Acceleration of a mass is a necessary but not sufficient condition for the energy to transform to gravitational waves. A symmetric accelerating mass does not radiate,

If an object changes shape asymmetrically, the spacetime ‘dents’ travel outwards like ripples in spacetime called ‘gravitational waves’. Gravitational effects that are spherically symmetric will not produce gravitational radiation. A perfectly symmetrical collapse of a supernova will produce no waves, but a non-spherical one will emit gravitational radiation. A binary system will always radiate.

or a symmetric system . See here.

An object's gravitational dipole is a measure of how much that mass is distributed away from some center in some direction. It's a vector, since it had to convey not only how much the mass is off-center but also which way. Considering some object in the abstract, the natural 'center' to pick is the center of mass, which is the point around which the dipole is zero.

The quadrupole represents how stretched-out along some axis the mass is. A sphere has zero quadrupole. A rod has a quadrupole. A flat disk also has a quadrupole, with the opposite sign of the quadrupole of a rod pointing out from its flat sides. The rod is a sphere stretched along that axis and the disk is a sphere squashed along that axis. In general, objects can have quadrupole moments along three different axes at right angles to each other. (The quadrupole moment is something called a tensor.)

The quadrupole moment can definitely change. Think of two balls attached by a spring. If they are stretched apart and then allowed to oscillate, the quadrupole moment will get smaller and bigger in the oscillations.

In contrast to electromagnetic waves which have a dipole radiating, the gravitational waves need quadrupoles ,

You ask:

Why? They are not a form of EMR, are they.

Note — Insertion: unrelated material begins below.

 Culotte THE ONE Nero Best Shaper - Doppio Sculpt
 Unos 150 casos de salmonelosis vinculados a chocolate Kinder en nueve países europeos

Or are the rapidly changing ones the only ones we can detect?

If you read the answers to this question suggested as duplicate in your previous question, and are able to follow the mathematics, you will understand that general relativity has similar mathematical structure with electromagnetism, but the gravitational waves have in common to the electromagnetic waves the velocity c ,(as all massless particles,) and are solutions of a wave equation. Everything else differs.

Gravitational waves have been detected by LIGO, where the masses accelerating are order of sun masses. The gravitational constant is too small to be able to detect small masses radiating gravitational waves. My answer to a relevant question here may help.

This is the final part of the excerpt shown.